私が本を読んで感じたヒキタさんの印象は、
「頑固で変わり者な、面白いオジさん」
といったところでしょうか。(失礼)

すごい小説をバンバン出しているからといって
決して聖人君子などではなく、
「どこにでもいる1人の男性」という感じです。

あや子
ただ、自分の気持ちを読者に伝えるのがすごく上手くて、
・妻を労わる気持ち
・男の不妊治療に関する様々な疑問や違和感
・女性の心や身体の痛み
など、人間味溢れる文章で伝えてくれます。

お飾りのような言葉ではなく、
「全部本音」で伝えてくれます。

お笑い芸人でいうと、
吉本新喜劇の座長、小籔 千豊さんに似た印象を文章から受けました。

本の目次はこんな感じ

あや子
「ヒキタさん!ご懐妊ですよ」
気になる目次は、こんな感じです。

序章 本当に子どもが欲しいのかねえ?

第1章 まずはカレンダーに○印を付けるのである

第2章 不妊治療と呼ぶな受精行動と呼べ

第3章 身体合わせ、心合わせ

第4章 いろんなことを乗り越えて、我々は再出発する

第5章 顕微授精、料金は四五万円なり

第6章 ドキドキしながら胎児を育てる日々が続く

第7章 いよいよ最終局面へ

このエッセイ本の魅力・感想

男性から見た不妊治療を知れる

あや子
やはり「男性目線」と言う点が、他の不妊治療エッセイ本とは大きく異なるところです。

「分刻みのスケジュールで再生する男がこの世に何人いるのだろうか、と考えると笑えてくる。

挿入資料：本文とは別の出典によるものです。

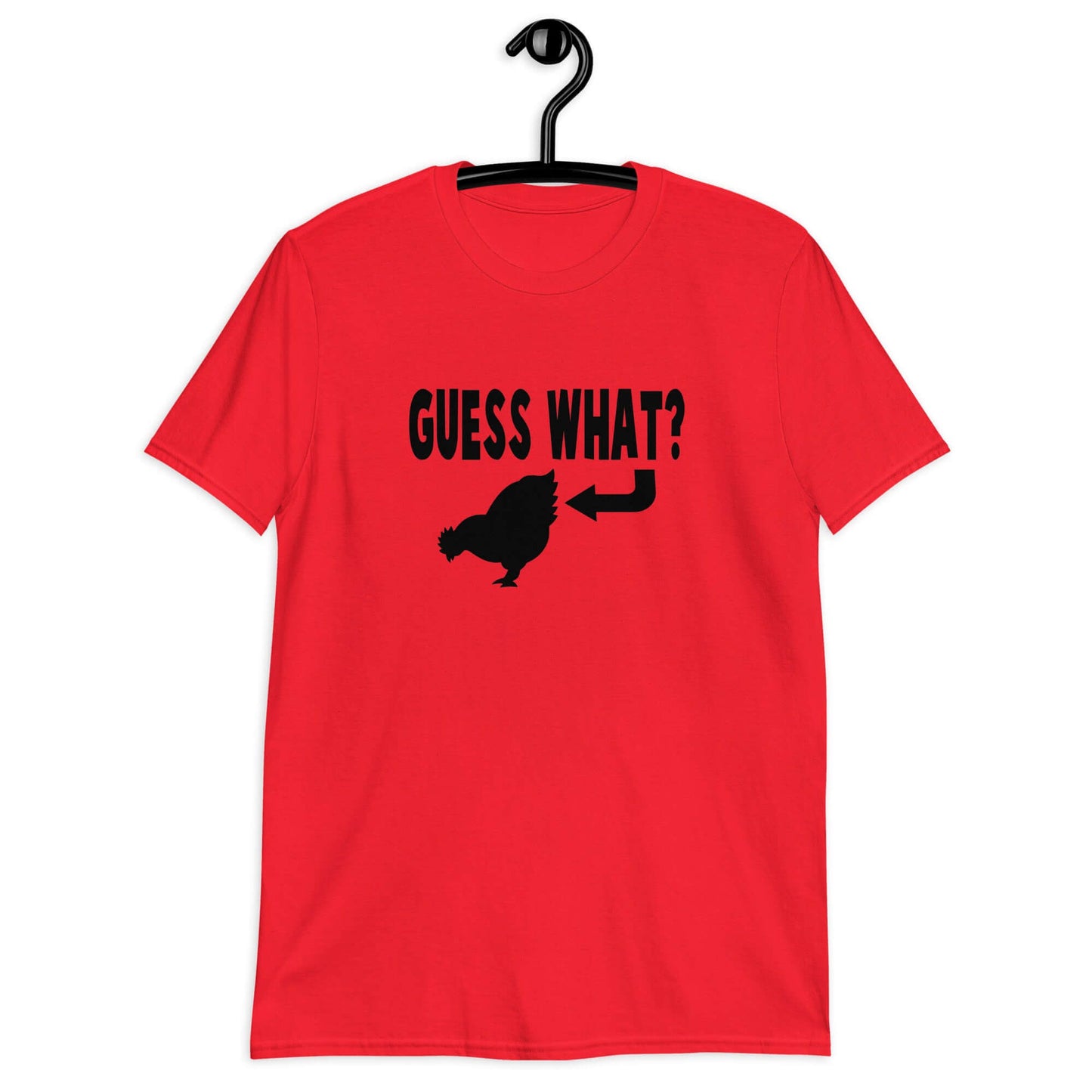 Red t-shirt with an image of a chicken and the words Guess what question mark. There is an arrow pointing to the chickens butt. The graphics are printed on the front of the shirt.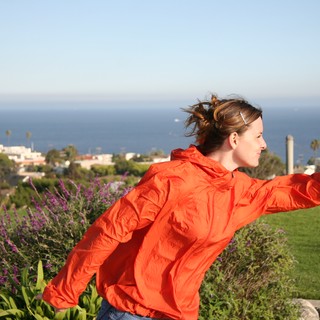 Woman in Orange Jacket Embracing Ocean Breeze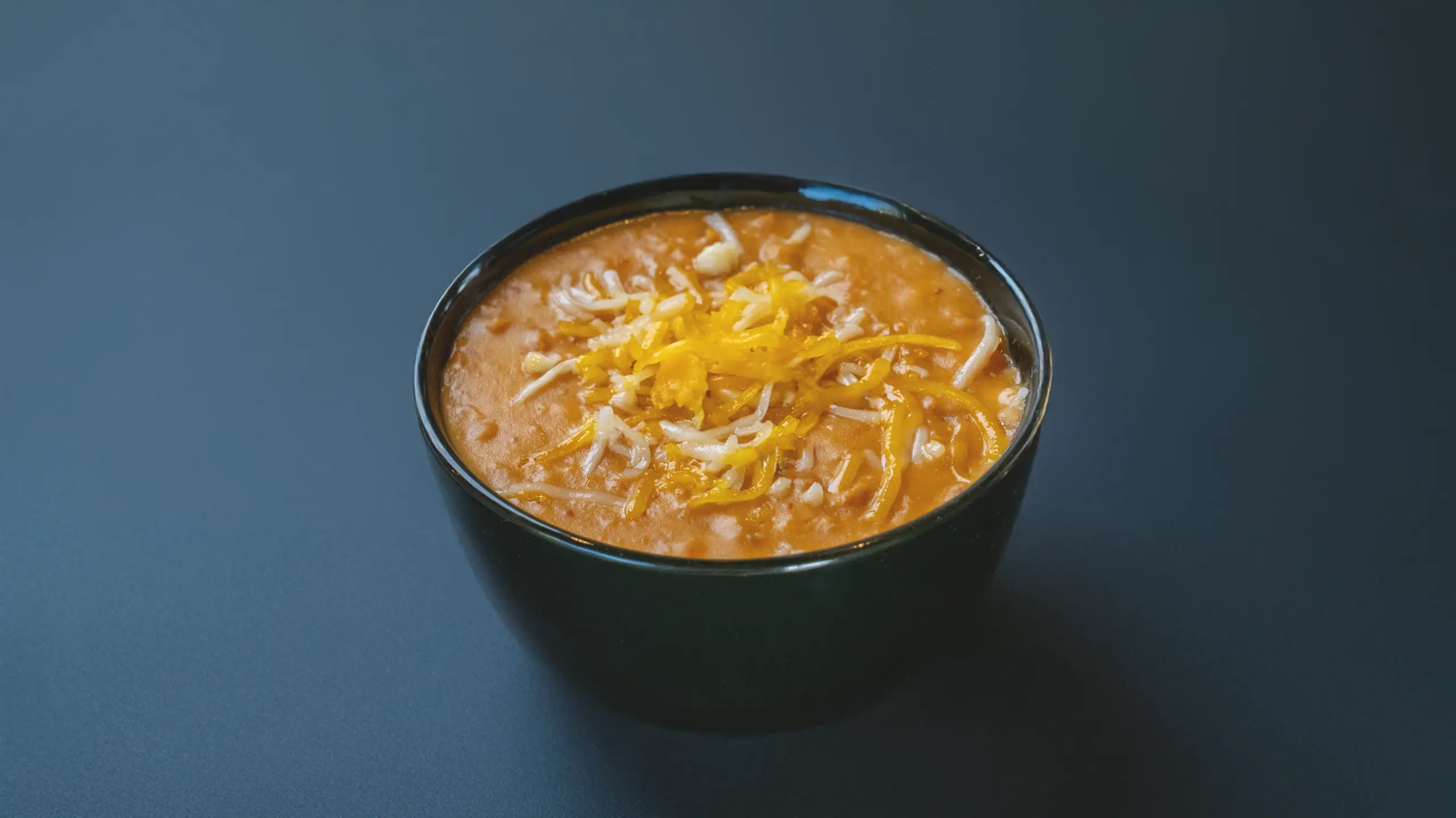 Refried beans topped with cheese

」

「また、駄目だったの!思わず言ってしまったが、この言い方もよくないように感じる。次からは、残念!というようにしよう。」

「女は妊娠して母になり、男は出産して父になる。
というらしい。お腹の中の赤ちゃん、なんて言われても、男には実感はない。」

「わからないでもないが、病院というのは、
「精子の運動率」「一発必中の勇者(のような精子)」「駄目金玉から復活」
などなど、私が試みていることに対して、まったく興味がないのだろう。」

「安静にしてな、と妻を寝かすが、心の中では「ひええええ!」と私は叫び声を上げていた。」

これらは全て、小説の中に出てきた表現です。

うちの夫は口下手なのですが、
「ああ、男の人ってこんな事を考えているのね」
と思うことも多かったです。

あや子
「私ばっかり辛くて旦那くんは気楽そうと思っていたけど、案外大変なんだ」
とも感じました。

約10年前の不妊治療はどんなものだったのか、知ることができる

このエッセイは、

2006年の1月に開始したタイミング法から顕微授精、そして2010年11月の空ちゃん誕生までの軌跡が描かれています。

そう、10年も前の話なのです。
(それが映画化って、すごい!)

あや子
10年と言われると「そんなに昔の事かな?」
と思われるかもしれません。

しかし、初代iPhoneがアメリカで発売されたのが2007年6月です。

つまりこの話は、
日本人がまだみんなガラケーを使っていた頃の話ということになります。

旦那くん
そ、そう言われると、すごく昔の事のような気がするな…。

私がエッセイ本を読んで感じた「妙な違和感」は、これが原因でした。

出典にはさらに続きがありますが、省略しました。